When I first came to New York during the fall of 1956, I went to a party on Bank Street which I remember with particular clarity for a number of reasons, not the least of them my surprise that no one present wished William Knowland were running for President. (I had only been in New York a few days, and the notion that Democrats might be people one met at parties had not yet violated what must have been, in retrospect, my almost impenetrable western innocence.) There were a couple of girls who “did something interesting” for Mademoiselle and there were several rather tweedy graduate students from Princeton, one of whom intimated that he had a direct wire to the PMLA, baby; there was, as well, a stunningly predictable Sarah Lawrence girl who tried to engage me in a discussion of J.D. Salinger’s relationship to Zen. When I seemed unresponsive, she lapsed into language she thought I might comprehend: Salinger was, she declared, the single person in the world capable of understanding her.

Five years work certain subtle changes. I have become downright blasé about Democrats at parties; that particular Sarah Lawrence girl found that she could, after all be understood well enough for everyday purposes by someone else, an electronics engineer; and nobody, not even on Bank Street, thinks much any more about Adlai Stevenson for President.

The idea that J.D. Salinger is a kind of middle-class American guru, however, has somehow resisted those gently abrasive sands. Among the reasonably literate young and young in heart, he is surely the most read and reread writer in America today, exerting a power over his readers which is in some ways extra-literary. Those readers expect him to teach them something, something that has nothing at all to do with fiction.


To anyone who has ever felt over-
exposed to the world, to anyone who 
has ever harbored hatred in his or 
her heart toward droppers of names,
 writers of papers on Flaubert, toward 
eaters of frogs’ legs, all of this has a certain seductive lure; there is a kind of lulling charm in being assured in that dazzling Salinger prose, that one’s raw nerves, one’s urban hangover, one’s very horridness, is really not horridness at all but instead a kind of dark night of the soul; there is something very attractive about being told that one finds enlightenment or peace by something as eminently within the realm of the possible as tolerance toward television writers and section men, that one can find the peace which passeth understanding simply by looking for Christ in one’s date for the Yale game.

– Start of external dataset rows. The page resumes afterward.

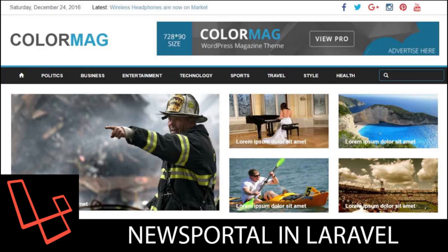Welcome back to all of you guys who have been regularly checking out my videos and a warm welcome to all the new visitors. In this video we'll be creating a news portal in Laravel.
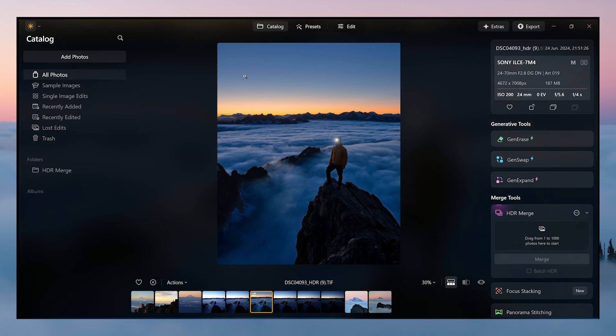All right guys, thanks so much for watching, and hopefully this video gave you a better idea on how to edit an HDR photo on Luminar Neo.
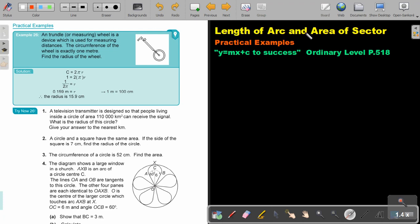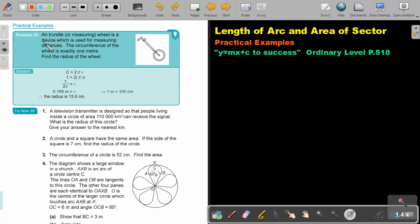Length of arc and area of sector. In this video we are going to focus on practical examples. You will find this on page 518 in the Namibia Ordinary Level Mathematics textbook 'y equals mx plus c to success'. Let's look at an example.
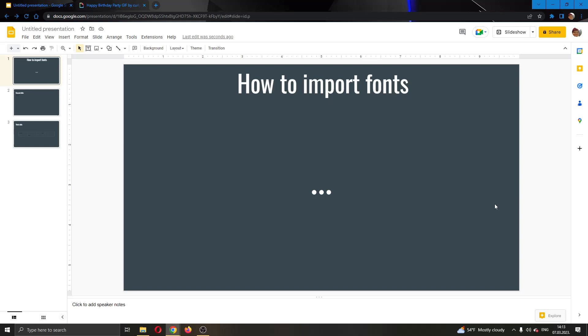Hey everybody! What's up and welcome back to today's video. Today I will be showing you how to import fonts into your Google Slides presentation.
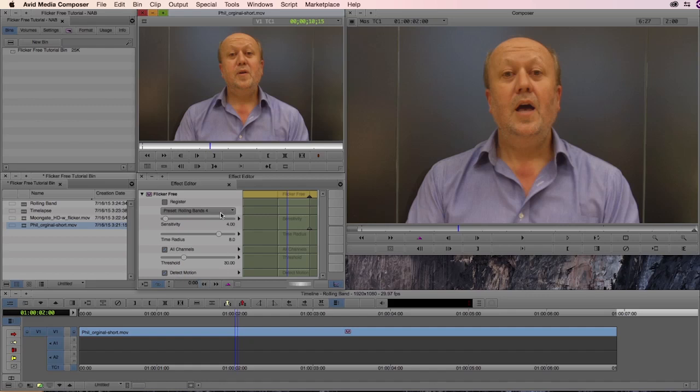So those are really all the parameters. And just to show you how these values can affect the way that Flicker Free is interacting with your footage, I have another example here.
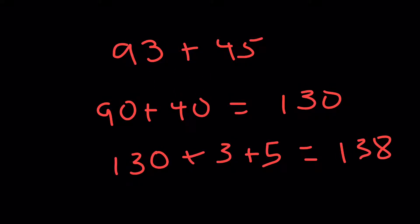Here we're going to add the two angles that we know, 93 plus 45. You can see I'm doing some mental math. I'm doing the 90 plus 40 to get 130, and then I'm adding 130 plus 3 plus 5 to get 138.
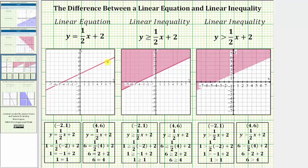Every ordered pair that represents a point on this line would be a solution to the linear equation. If the ordered pair represents a point not on the line, it would not be a solution. For example, notice how the ordered pair negative two comma one would be this point on the line, and the ordered pair four comma six would be this point not on the line.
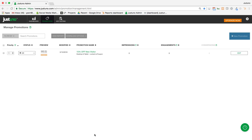Hi there, this is Grant from Justuno here to show you how easy it is to set up an age verification pop-up using the Justuno platform.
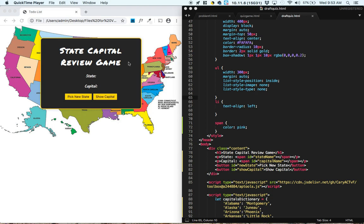Hey guys, this is Kerry, and in this video we're going to be making an application of our new knowledge of objects, and we're going to be using them as dictionaries to create this state capital review game.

However brilliantly rendered (and it is), however hauntingly right in the rhythm of its dialogue (and it is), Franny and Zooey is finally spurious, and what makes it spurious is Salinger’s tendency to flatter the essential triviality within each of his readers, his predilection for giving instructions for living. What gives the book its extremely potent appeal is precisely that it is self-help copy: it emerges finally as Positive Thinking for the upper middle classes, as Double Your Energy and Live Without Fatigue for Sarah Lawrence girls.